◆ **The data**

────────────────────────────────────────

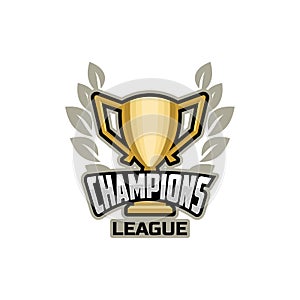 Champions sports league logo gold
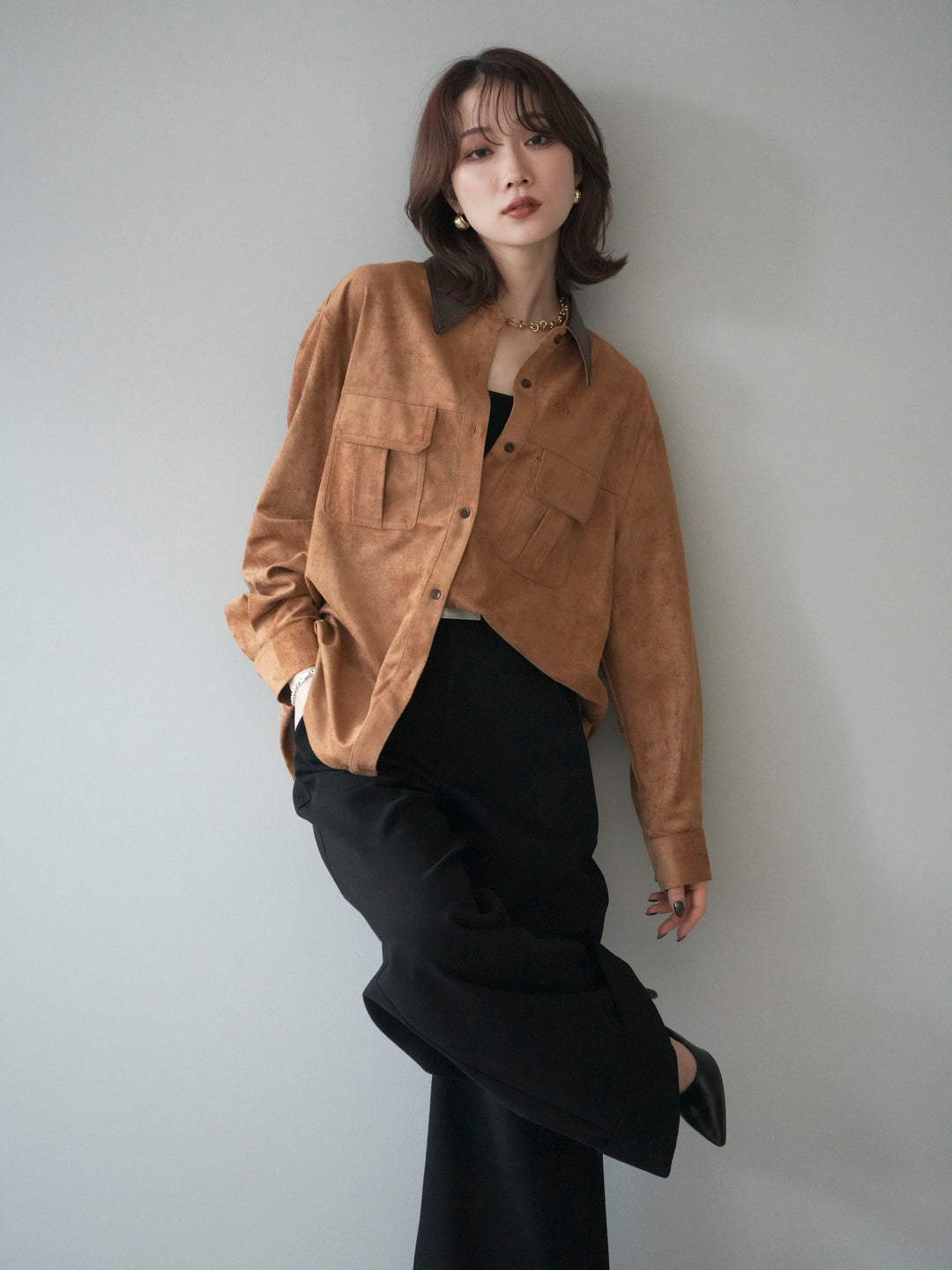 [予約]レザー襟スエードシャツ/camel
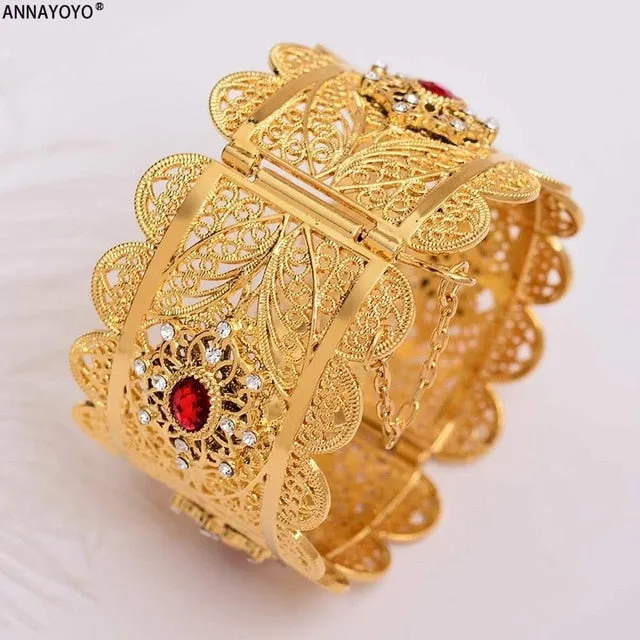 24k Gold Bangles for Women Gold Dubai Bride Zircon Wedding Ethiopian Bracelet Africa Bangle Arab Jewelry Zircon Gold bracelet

────────────────────────────────────────

◆ **What is being asked**
An unchanged copy of the listing, with no pictures, should be returned.

◆ **Task answer**
 Champions sports league logo gold
 [予約]レザー襟スエードシャツ/camel
 24k Gold Bangles for Women Gold Dubai Bride Zircon Wedding Ethiopian Bracelet Africa Bangle Arab Jewelry Zircon Gold bracelet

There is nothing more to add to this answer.